Work item: Transcribe only the part of the material below that begins at the line containing "Pronostic Hull City" and ends at the line containing "Fusion Radio 95.1", with both kept and images left out.

Data to process:
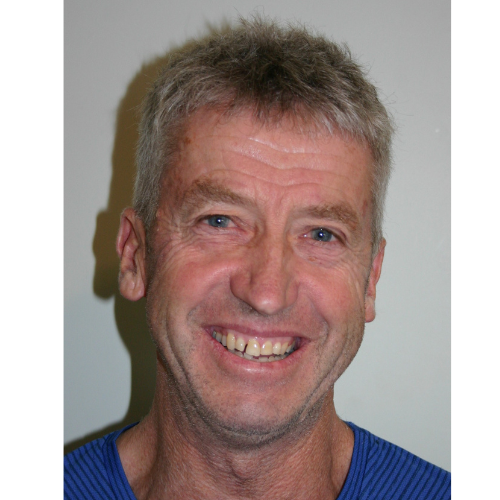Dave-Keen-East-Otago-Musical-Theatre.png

--

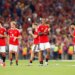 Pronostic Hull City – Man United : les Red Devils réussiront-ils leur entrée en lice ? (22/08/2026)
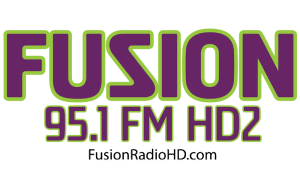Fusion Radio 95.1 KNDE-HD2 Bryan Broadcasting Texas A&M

Exercise response:
 Pronostic Hull City – Man United : les Red Devils réussiront-ils leur entrée en lice ? (22/08/2026)
Fusion Radio 95.1 KNDE-HD2 Bryan Broadcasting Texas A&M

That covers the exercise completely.